I’m rich with wristwatches. I have a Patek-Philippe, a Rolex, a Breitling, a Baum & Mercier, a Universal, even a Casio. The one watch I no longer have is a dive watch. My old one gave up the ghost on a dive last August in Bonaire. (Totally off the point: I know some of my good watches are water-resistant, but I’m not going to pacify Poseidon by wearing an expensive watch into the briny deep.)
With all the good watches I have, I was totally nonplused when my wife told me she had just ordered an outlandishly expensive dive watch from a catalog I had been saving for the annual “best and worst” evaluations (see the January issue, page 63). “I couldn’t resist the copy,” she said.
Nor could I. I read just the beginning of one sentence of the copy and I was a goner:
Housed in this miniature stainless steel fortress is a 17-jewel Swiss Valjout 7765 movement…
“Miniature stainless steel fortress”? That one word is the stuff awards are made of…not to say the sale of a timepiece priced hundreds of dollars above what I’d planned to spend.
As proof that I hadn’t lost my viewpoint because of the prospect of getting yet another wristwatch, I offer this product opening:
East German Field Periscope
Frankly, you have to be a little bit nuts to buy this item…which is exactly why we like it so much.
I have to assume your reaction to the product heading is the same as mine: Who in heaven’s name would want an East German field periscope? The first sentence completely renders inoperative both skepticism and the pass-it-by impulse.
Copy ends with:
In wonderful condition, both optically and cosmetically, you just gotta have one of these.
I know, I know…the writer used a misplaced modifying clause. We excuse it because a) it’s bright, and b) it’s East German.
(Want one? Its “sale price” is just $399. Heck, at that price order two.)
One word is worth 1,000 pictures
Tell me if this description of a simple item needs an illustration to draw a clear image in the reader’s mind, not only of what it is but of what its uses might be:
One “Twin” Extension Cord
Handles Both Nightstand Lamps!
2-in-1 extension cord uses just one outlet, instead of two! It has one two-prong plug, but extends 6′ in two directions! Perfect for nightstand lamps on both sides of a bed, or end-table lamps at both ends of a couch. Both ends have a triple-outlet receptacle (six total). 13 amps, 1625 watts total maximum capacity (7 amps, 875 watts max. each end). Indoor use only. UL listed. You get two.

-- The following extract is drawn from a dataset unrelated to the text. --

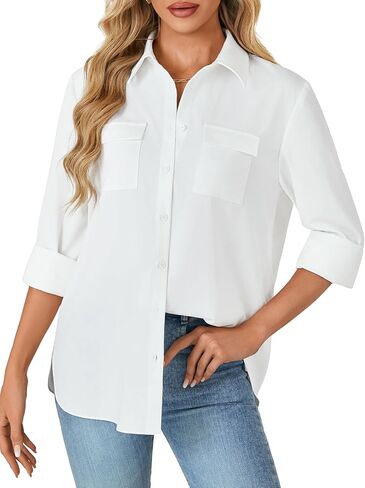 Rooscier Women's Button Down Shirt Collared Roll Up Long Sleeve Slit Tunic Blouse Tops in Saudi Arabia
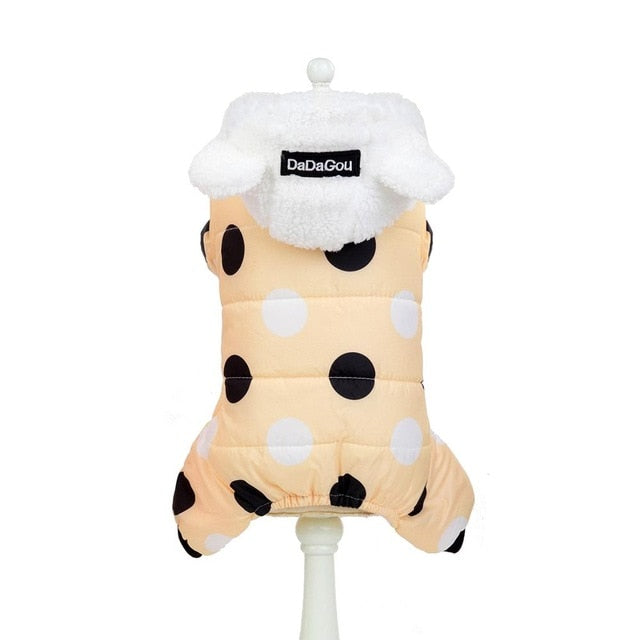 Khaki polka dot snowsuit jumpsuit back view with sherpa hood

Nothing tricky here. Just clarity. Yeah, the writer has diarrhea of the exclamation point, but that’s excusable here. (Isn’t a two-prong plug less than state-of-the art?) The point is: Copy sells the item through that golden combination of clear description and suggestion for use.
Pure poetry? No, it sells too well
How would you describe a man’s flannel shirt? If you can match this heading and first sentence, you’re a meistersinger:
Big Sky Country Plaid Flannel Shirts
The colors of our Sunset Plaids could be straight out of a spectacular conclusion to a John Ford western, while our First Light Plaids evoke a misty morning on the range.
And how would you describe a woman’s silk shirt? If you can match this heading and first sentence, you’re a meistersinger with an oak-leaf cluster:
Silk Think Silk Shirt
We know it’s crass to come right out and say it, but this shirt is seriously sexy.
(You say you don’t know the word “crass”? Not to worry. You aren’t a logical target for this catalog.)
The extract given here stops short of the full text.